━━ Provided material ━━
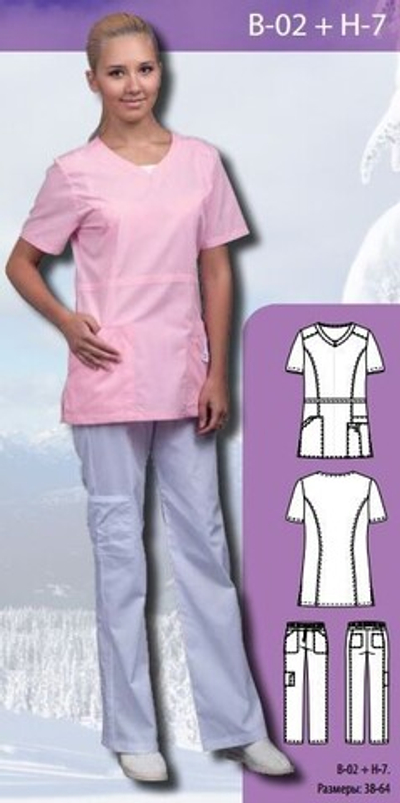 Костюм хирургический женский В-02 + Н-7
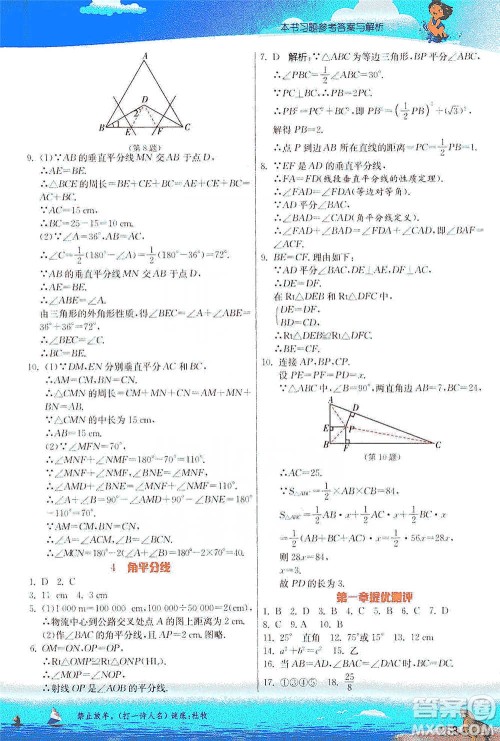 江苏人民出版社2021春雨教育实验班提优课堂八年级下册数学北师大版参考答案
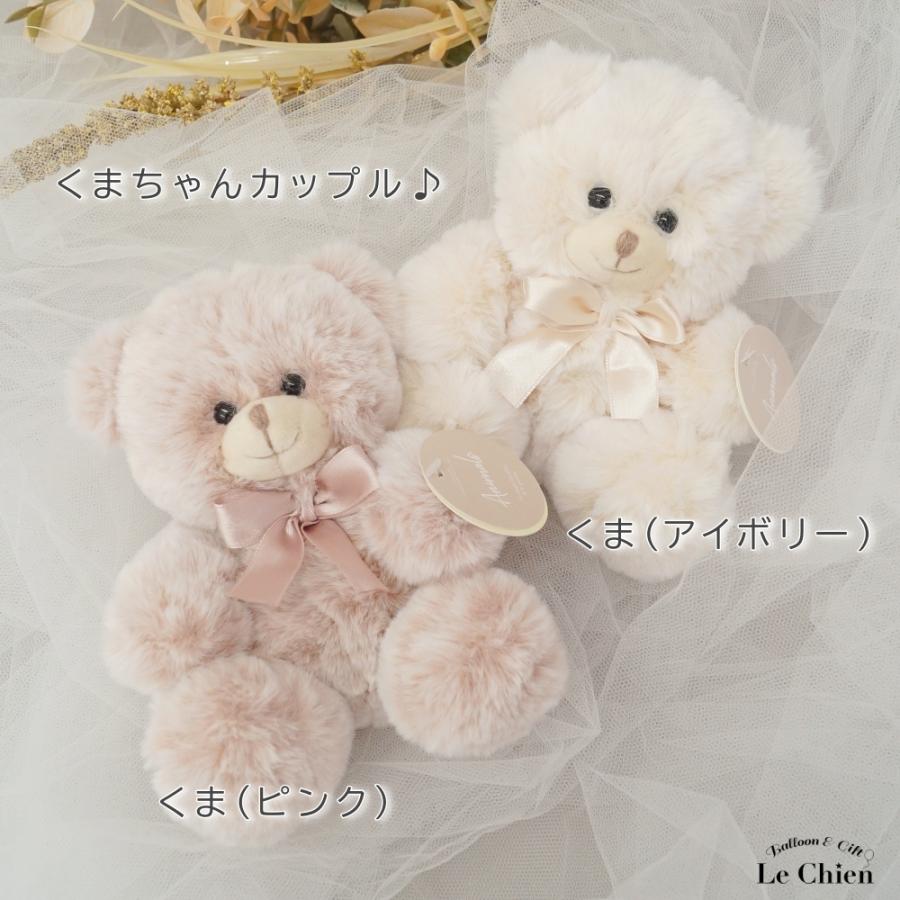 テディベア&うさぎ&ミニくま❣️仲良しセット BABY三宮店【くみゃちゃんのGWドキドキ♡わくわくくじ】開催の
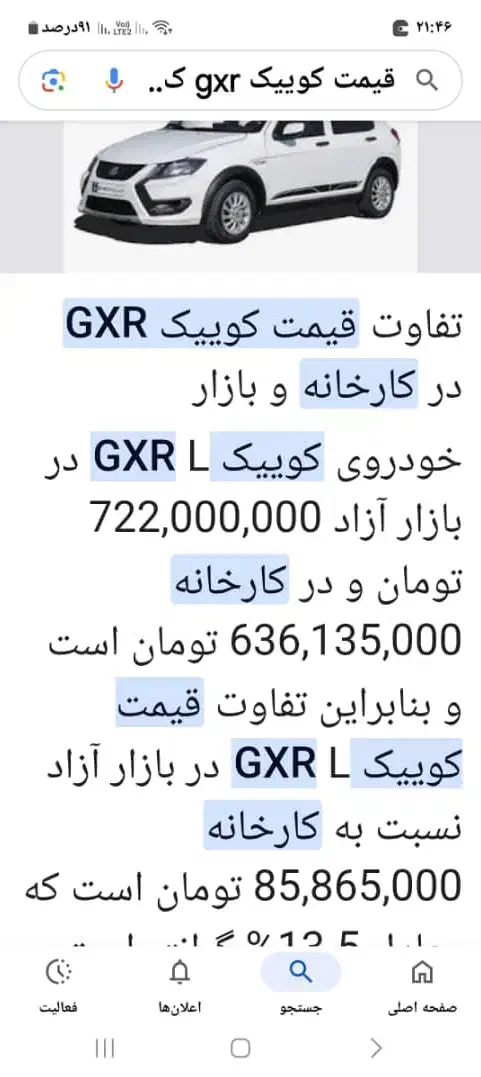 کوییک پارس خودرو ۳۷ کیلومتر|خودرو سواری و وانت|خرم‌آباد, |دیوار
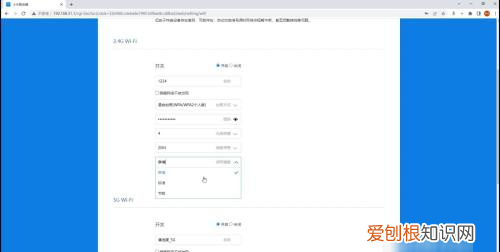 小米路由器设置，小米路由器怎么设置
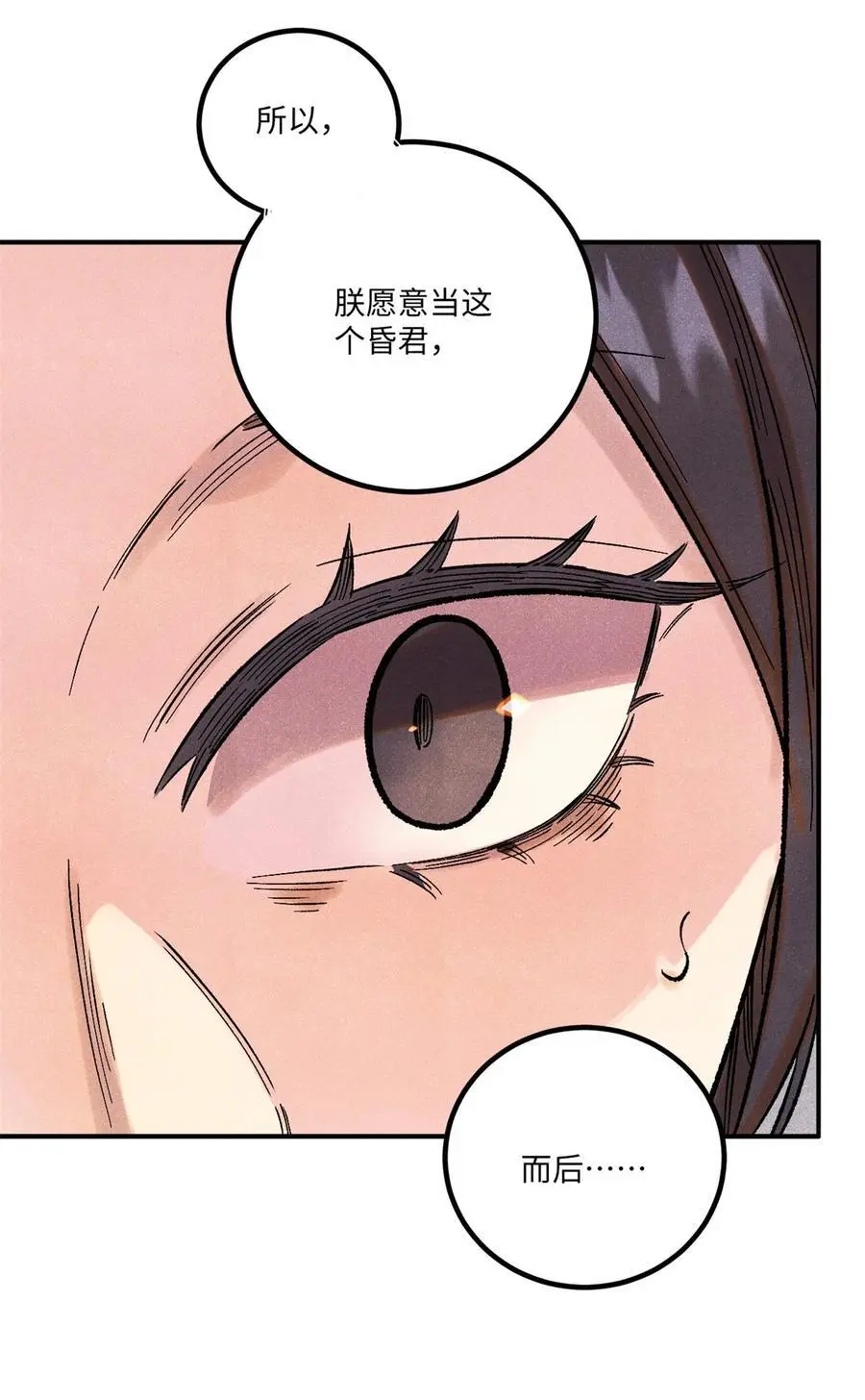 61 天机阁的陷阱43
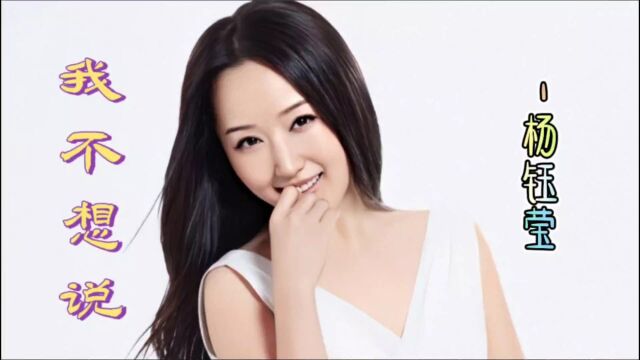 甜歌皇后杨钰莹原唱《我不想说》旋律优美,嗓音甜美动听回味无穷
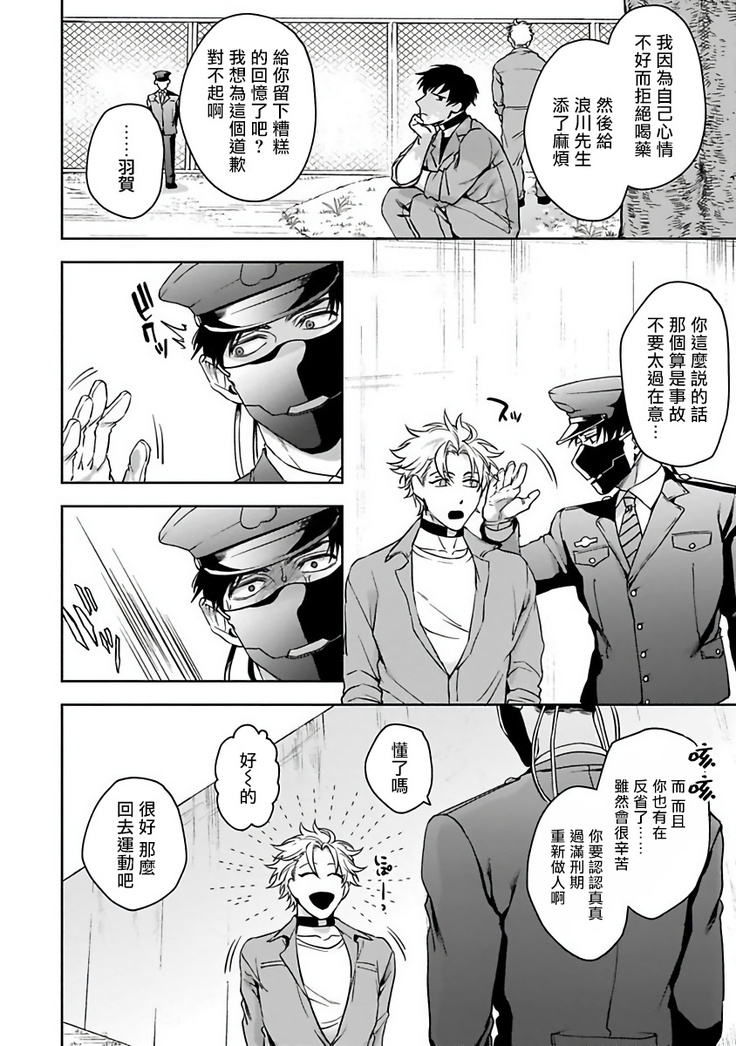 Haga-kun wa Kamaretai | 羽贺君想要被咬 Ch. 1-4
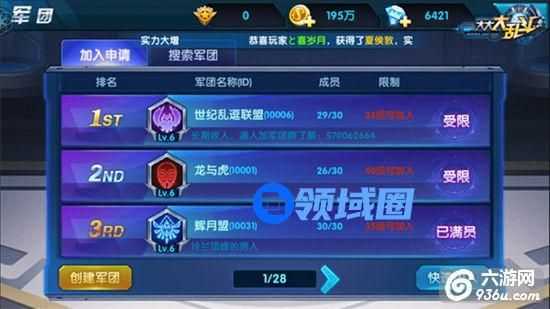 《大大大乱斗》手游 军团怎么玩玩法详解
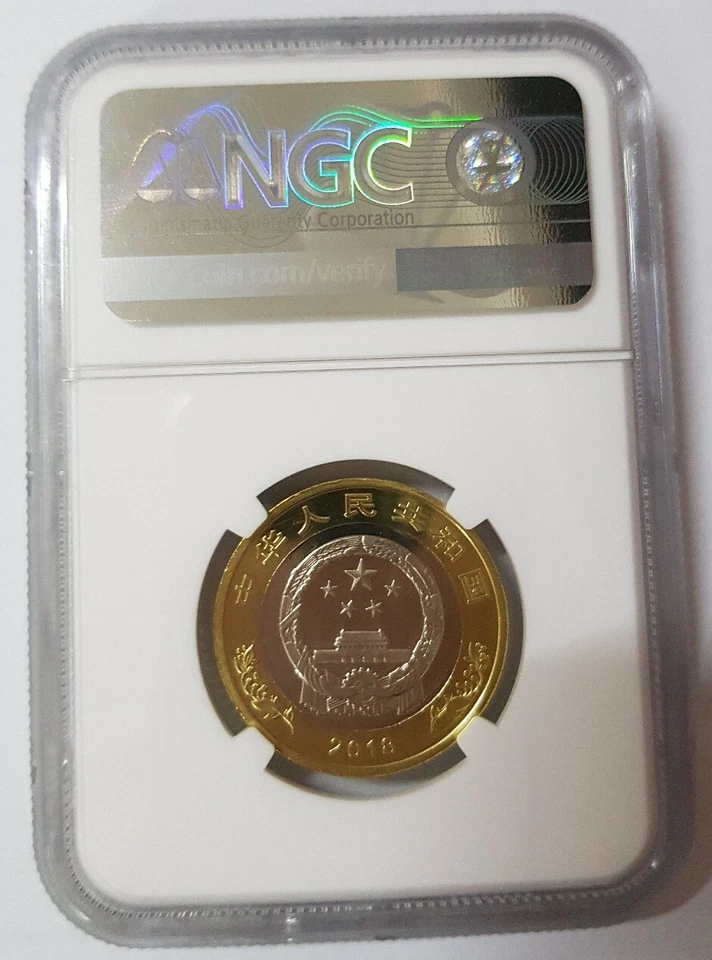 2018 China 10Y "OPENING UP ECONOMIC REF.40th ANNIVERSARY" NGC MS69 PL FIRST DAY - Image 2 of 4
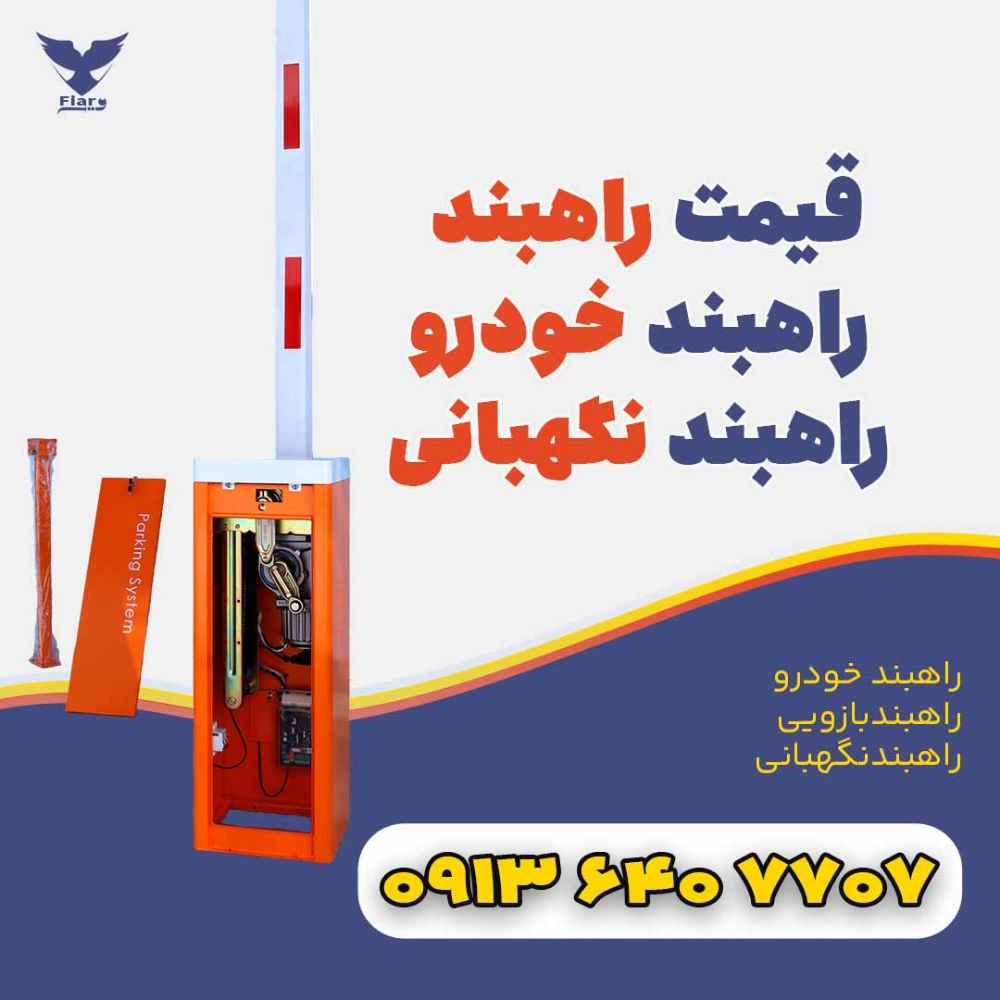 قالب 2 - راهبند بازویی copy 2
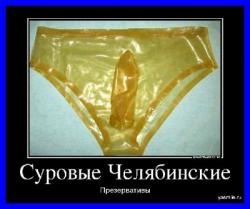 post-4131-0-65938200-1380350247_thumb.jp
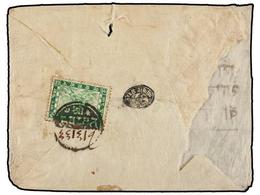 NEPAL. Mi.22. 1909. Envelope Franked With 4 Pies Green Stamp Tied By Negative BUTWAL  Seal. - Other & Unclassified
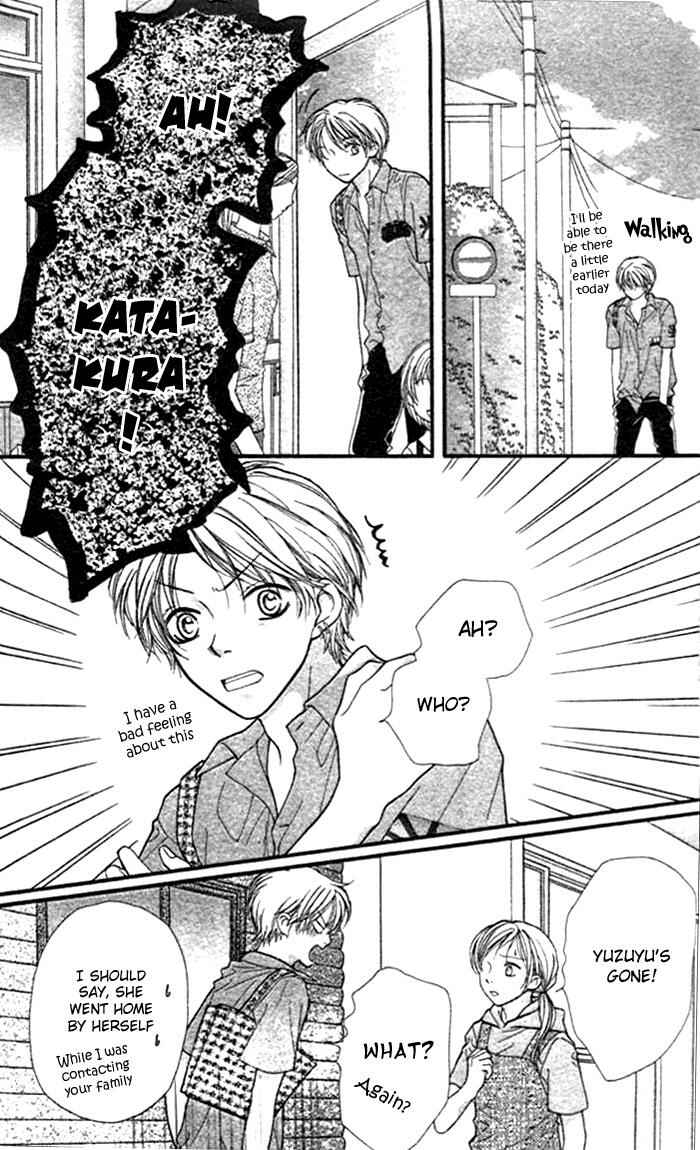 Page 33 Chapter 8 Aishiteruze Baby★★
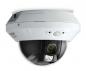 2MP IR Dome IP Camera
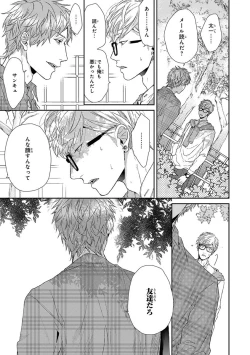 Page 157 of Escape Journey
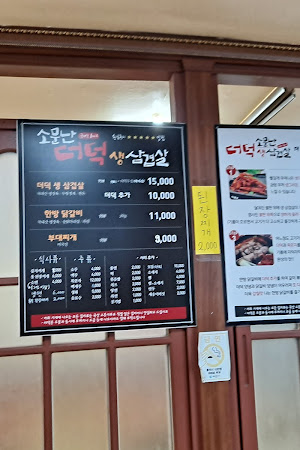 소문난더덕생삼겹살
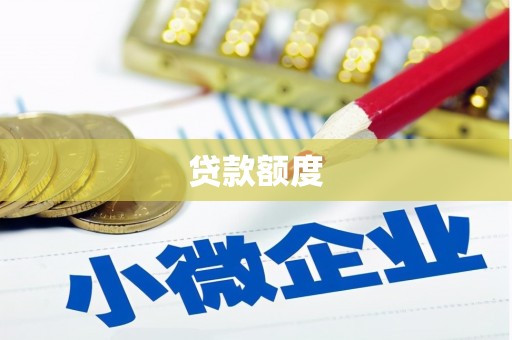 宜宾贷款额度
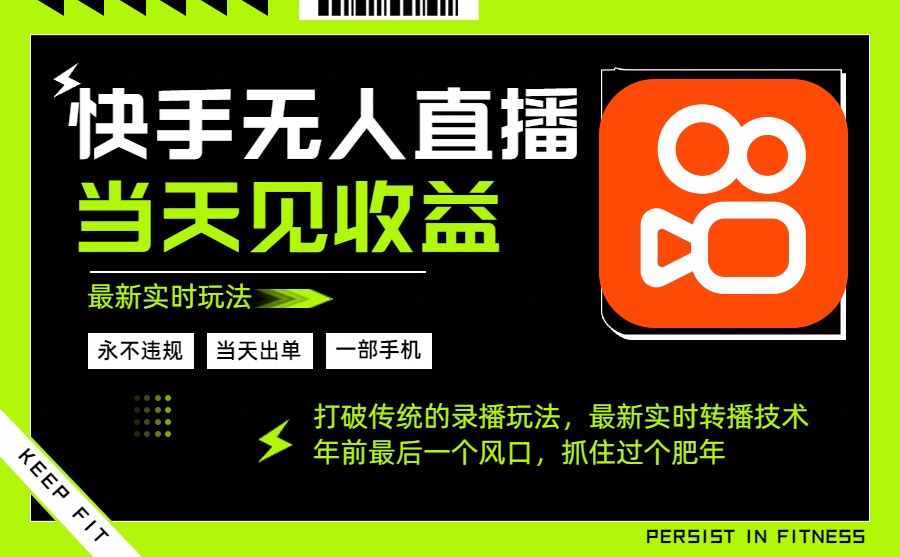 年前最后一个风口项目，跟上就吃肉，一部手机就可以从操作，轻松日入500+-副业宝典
━━━
● **Problem to solve**
Reproduce the lines from the one holding "Page 157 of Escape Journey" through the end of the entries above exactly, keeping both ends and dropping every picture.

● **Result below**
 Page 157 of Escape Journey
 소문난더덕생삼겹살
 宜宾贷款额度
 年前最后一个风口项目，跟上就吃肉，一部手机就可以从操作，轻松日入500+-副业宝典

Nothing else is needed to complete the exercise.